Risky business: firm received record fine for anti-money laundering failings

Amy Bell, chair of the Law Society’s Money Laundering Task Force, considers a real case where a firm received the largest ever fine by the Solicitors Regulation Authority (SRA) for lacking sufficient anti-money laundering (AML) controls, including a firm-wide risk assessment.
A person carries out a risk assessment, circling a likely and serious risk with a pen.

Lack of AML policies, controls and procedures

A firm was fined £20,000 by the SRA for failing to have AML policies, training and systems in place, the largest penalty handed out since the regulator increased its fining powers from £2,000 to £25,000 in 2022.

The deficiencies were discovered by the SRA during an onsite audit to review the firm’s overall AML compliance.

The investigation identified areas of concern in relation to compliance with the:

  • Money Laundering, Terrorist Financing and Transfer of Funds (Information on the Payer) Regulations 2017 (MLRs), and
  • SRA Standards and Regulations 2019

The small firm was found to have failed to put in place a compliant firm-wide AML risk assessment until mid-2022.

This was more than five years after the requirement was introduced in June 2017, and despite the SRA having issued warning notices about the need to ensure this was done.

It was only after the SRA’s onsite investigation that the firm put a compliant risk assessment in place.

Several years earlier, the firm also incorrectly declared to the regulator that its risk assessment was compliant and in line with relevant guidance, when it was not.

The policy was undated, did not state who wrote it, referred to outdated legislation and had not been regularly updated.

In addition, the risk assessment failed to have sufficient regard for the Legal Sector Affinity Group (LSAG) AML guidance, the SRA’s sectoral AML risk assessment and the SRA warning notices.

The firm was found to have no independent audit function established.

A review of the files found that the firm:

  • did not always check on the source of funds from third parties
  • had weak ongoing monitoring of transactions
  • failed to ensure that a form accompanying the client care letter to verify the source of funds was completed and returned

No client or matter risk assessments had been undertaken and there was no documentary evidence to demonstrate how the firm identified and assessed the level of risk.

The SRA said the risks associated with conveyancing and controlling client money, which accounted for around 75% of the law firm’s income, “should have been addressed on the firm-wide risk assessment but had been omitted”.

Lack of training was also a factor.

The SRA said the only AML training employees received was in the form of a “personal compliance booklet” sent in January 2022. It was dated 2016/2017 and referred to the “outdated and superseded MLRs 2007”.

Of further concern was that a partner of the firm was not aware that the policy existed.
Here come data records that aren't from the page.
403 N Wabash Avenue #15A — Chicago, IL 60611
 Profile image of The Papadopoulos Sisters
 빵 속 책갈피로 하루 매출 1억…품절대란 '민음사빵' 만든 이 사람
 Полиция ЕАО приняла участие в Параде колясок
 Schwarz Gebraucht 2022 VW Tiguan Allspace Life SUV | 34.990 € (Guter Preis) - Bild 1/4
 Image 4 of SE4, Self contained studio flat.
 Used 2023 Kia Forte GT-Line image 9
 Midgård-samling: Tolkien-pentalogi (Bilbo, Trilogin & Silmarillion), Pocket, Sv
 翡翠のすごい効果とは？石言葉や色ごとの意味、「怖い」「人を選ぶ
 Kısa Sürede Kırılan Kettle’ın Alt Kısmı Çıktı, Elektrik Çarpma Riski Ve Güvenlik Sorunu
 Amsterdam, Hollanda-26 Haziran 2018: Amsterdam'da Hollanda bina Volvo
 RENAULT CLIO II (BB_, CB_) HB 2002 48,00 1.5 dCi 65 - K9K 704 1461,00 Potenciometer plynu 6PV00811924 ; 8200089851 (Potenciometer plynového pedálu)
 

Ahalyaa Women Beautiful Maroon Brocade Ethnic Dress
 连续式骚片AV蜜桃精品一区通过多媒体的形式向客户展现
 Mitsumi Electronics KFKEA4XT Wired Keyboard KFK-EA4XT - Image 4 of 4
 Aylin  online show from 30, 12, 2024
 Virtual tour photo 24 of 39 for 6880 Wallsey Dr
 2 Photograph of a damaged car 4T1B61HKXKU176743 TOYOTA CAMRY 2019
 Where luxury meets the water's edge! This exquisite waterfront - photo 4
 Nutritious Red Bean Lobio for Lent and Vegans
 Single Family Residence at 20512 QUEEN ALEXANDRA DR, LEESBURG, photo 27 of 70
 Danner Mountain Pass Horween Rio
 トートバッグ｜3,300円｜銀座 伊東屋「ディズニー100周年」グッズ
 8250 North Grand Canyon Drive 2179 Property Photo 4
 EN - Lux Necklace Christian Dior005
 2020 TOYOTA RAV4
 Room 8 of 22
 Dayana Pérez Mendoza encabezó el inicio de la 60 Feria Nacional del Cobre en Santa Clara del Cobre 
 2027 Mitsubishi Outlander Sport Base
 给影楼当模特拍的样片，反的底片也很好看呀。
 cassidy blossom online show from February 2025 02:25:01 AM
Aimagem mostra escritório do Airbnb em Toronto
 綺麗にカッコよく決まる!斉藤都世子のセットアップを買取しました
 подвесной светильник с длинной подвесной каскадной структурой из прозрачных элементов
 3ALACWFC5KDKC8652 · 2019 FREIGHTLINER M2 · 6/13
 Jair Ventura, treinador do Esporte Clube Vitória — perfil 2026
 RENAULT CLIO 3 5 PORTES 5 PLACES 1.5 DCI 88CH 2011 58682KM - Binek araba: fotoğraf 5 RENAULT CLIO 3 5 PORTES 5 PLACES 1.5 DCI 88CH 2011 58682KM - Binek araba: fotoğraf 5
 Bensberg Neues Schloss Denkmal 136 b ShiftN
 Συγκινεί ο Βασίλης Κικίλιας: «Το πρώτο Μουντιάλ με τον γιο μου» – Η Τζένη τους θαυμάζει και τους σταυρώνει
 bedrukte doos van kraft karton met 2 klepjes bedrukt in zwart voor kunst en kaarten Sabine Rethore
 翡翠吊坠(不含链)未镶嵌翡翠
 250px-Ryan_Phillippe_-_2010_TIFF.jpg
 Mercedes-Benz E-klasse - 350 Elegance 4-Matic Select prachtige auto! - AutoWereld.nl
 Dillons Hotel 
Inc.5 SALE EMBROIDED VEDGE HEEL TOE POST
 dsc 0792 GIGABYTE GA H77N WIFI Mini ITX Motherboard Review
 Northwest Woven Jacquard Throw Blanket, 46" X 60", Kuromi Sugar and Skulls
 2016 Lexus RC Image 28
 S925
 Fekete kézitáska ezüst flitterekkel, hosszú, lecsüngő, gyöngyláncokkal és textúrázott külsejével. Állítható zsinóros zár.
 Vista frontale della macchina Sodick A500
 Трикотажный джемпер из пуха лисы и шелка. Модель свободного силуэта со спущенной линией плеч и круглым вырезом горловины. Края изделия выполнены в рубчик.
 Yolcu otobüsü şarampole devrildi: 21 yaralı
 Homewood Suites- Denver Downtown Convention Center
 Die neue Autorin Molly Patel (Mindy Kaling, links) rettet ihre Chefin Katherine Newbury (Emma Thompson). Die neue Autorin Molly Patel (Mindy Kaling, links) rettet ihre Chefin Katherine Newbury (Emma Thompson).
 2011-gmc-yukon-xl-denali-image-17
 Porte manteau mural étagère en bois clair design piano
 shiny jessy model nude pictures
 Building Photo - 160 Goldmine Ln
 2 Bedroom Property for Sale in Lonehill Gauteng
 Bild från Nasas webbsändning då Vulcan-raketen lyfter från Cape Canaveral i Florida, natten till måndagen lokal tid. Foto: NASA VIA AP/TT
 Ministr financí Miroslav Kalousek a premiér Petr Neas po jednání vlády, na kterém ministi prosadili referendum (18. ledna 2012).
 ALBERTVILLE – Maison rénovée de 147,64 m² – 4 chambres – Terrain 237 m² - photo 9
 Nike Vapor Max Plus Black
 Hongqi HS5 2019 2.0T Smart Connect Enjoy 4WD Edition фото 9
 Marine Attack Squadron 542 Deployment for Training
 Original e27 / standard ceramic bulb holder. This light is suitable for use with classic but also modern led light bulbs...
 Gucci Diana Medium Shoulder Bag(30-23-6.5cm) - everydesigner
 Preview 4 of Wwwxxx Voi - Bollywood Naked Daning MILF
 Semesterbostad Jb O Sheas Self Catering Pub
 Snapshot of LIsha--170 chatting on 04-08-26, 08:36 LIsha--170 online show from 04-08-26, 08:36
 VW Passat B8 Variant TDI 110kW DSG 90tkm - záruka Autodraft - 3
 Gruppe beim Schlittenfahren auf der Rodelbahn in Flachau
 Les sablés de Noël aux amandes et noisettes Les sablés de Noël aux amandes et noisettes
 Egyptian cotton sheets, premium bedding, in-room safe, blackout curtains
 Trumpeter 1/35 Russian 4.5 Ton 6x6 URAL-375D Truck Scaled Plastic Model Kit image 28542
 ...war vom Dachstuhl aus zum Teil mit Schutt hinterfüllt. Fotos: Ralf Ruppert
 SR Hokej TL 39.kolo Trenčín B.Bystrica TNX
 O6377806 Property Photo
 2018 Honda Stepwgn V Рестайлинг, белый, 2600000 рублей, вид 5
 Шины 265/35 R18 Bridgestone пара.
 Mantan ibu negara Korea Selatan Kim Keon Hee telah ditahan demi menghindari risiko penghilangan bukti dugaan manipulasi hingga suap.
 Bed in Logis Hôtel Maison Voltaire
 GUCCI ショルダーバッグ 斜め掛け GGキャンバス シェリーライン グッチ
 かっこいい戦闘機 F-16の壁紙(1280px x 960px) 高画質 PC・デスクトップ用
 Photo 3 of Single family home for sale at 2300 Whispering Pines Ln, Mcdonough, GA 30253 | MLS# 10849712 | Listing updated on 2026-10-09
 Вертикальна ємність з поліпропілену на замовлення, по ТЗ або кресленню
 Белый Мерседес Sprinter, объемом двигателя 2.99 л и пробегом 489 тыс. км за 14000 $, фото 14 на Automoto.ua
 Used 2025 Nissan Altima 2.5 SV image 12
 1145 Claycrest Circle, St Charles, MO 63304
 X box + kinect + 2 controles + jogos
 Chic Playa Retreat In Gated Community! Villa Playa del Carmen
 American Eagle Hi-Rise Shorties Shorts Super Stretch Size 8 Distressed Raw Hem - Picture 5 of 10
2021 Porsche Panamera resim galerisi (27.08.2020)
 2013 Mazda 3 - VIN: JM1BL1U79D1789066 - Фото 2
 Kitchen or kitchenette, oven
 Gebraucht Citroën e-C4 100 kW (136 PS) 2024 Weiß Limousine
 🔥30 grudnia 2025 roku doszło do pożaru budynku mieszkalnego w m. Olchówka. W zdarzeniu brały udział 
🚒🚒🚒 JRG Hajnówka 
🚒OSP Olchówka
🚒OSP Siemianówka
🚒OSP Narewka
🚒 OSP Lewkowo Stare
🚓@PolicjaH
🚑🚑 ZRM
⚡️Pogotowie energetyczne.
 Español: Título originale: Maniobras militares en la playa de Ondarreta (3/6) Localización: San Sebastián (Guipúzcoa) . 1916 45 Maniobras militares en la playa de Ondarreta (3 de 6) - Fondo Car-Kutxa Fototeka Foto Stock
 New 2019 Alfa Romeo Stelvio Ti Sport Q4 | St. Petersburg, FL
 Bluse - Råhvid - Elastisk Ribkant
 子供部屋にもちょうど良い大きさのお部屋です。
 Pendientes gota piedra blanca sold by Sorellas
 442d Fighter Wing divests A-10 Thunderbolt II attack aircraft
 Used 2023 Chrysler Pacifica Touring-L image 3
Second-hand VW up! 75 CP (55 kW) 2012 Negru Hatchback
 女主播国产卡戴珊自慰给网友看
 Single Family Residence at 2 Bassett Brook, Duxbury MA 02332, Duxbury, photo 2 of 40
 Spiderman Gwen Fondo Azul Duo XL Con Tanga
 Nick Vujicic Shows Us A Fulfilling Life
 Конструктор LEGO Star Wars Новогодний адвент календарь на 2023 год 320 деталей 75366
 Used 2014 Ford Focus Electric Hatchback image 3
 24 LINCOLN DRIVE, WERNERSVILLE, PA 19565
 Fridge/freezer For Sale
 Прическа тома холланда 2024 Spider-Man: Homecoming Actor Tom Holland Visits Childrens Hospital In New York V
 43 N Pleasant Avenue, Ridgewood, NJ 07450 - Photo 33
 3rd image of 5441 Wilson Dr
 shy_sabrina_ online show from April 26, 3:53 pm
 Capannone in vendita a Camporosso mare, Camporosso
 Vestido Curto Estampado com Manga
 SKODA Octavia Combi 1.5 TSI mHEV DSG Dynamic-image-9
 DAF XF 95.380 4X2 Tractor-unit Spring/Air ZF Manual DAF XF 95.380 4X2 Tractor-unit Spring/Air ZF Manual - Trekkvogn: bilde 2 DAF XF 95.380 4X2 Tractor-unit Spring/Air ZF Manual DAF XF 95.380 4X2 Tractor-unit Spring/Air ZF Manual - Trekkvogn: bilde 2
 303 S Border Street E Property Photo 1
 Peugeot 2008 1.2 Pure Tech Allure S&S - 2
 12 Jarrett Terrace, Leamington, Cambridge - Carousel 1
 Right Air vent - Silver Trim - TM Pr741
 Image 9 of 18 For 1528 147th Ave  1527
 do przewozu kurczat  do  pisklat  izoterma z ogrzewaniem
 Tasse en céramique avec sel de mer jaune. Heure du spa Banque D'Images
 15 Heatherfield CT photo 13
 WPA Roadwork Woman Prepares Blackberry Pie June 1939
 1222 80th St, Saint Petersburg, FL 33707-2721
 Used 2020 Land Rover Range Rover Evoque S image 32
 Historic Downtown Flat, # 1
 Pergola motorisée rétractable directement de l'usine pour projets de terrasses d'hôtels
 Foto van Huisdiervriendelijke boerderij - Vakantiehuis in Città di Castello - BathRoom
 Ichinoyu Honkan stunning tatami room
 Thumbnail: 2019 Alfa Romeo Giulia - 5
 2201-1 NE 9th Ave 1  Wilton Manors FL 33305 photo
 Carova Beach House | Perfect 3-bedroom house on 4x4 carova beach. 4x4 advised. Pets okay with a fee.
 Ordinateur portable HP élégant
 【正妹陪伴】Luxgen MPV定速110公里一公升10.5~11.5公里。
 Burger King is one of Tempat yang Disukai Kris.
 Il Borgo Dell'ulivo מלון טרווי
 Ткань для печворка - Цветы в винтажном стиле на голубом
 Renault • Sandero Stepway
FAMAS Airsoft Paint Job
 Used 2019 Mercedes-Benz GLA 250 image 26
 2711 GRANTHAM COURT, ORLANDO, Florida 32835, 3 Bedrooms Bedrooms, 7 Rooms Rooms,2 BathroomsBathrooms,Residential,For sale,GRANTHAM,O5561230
The SRA said that “this in itself demonstrates a lack of adequate training practices at the firm”.

The SRA finding

The firm admitted, and the SRA accepted, that by failing to comply with money laundering legislation over a period of years, the firm breached both the SRA Handbook 2011 and the SRA Standards and Regulations.

The firm admitted that it had, among other things:

  • failed to maintain public trust in the profession (in breach of Principle 6 of the SRA Principles 2011 and Principle 2 of SRA Principles 2019)
  • failed to comply with its legal and regulatory obligations (in breach of Principle 7 of the SRA Principles 2011 and rule 2.1 of the SRA Code of Conduct for Firms 2019)
  • failed to run a business effectively and to keep up to date with and follow the law and regulation (in breach of Principle 8 of the SRA Principles 2011 and rule 3.1 of the SRA Code of Conduct for Firms 2019)

The firm recognised that it failed in its basic duties regarding statutory money laundering regulations and regulatory compliance.

The SRA found no evidence of harm to consumers or third parties and noted that the firm assisted with the investigation and didn’t benefit financially from the misconduct.

The firm was fined £20,000 and paid £1,350 to the SRA toward the costs of the investigation.

The SRA said, “the agreed outcome is a proportionate outcome in the public interest because it creates a credible deterrent to others and the issuing of such a sanction signifies the risk to the public, and the legal sector, that arises when solicitors do not comply with anti-money laundering legislation and their professional regulatory rules”.

Protect yourself and your firm

This case demonstrates the serious consequences of not complying with your anti-money laundering obligations.

It highlights the importance of taking a risk-based approach that adjusts the level and type of compliance work done to the risks present.

Regulation 18(1) of the MLRs requires practices to carry out and maintain a documented practice-wide risk assessment that addresses risk factors relating to:

  • your clients
  • the countries or geographic areas in which you operate
  • your products or services
  • your transactions
  • your delivery services

The LSAG AML guidance is a comprehensive resource that supports legal professionals to comply with the MLRs 2017. Chapter 5 sets out best practice on risk assessments and taking a risk-based approach.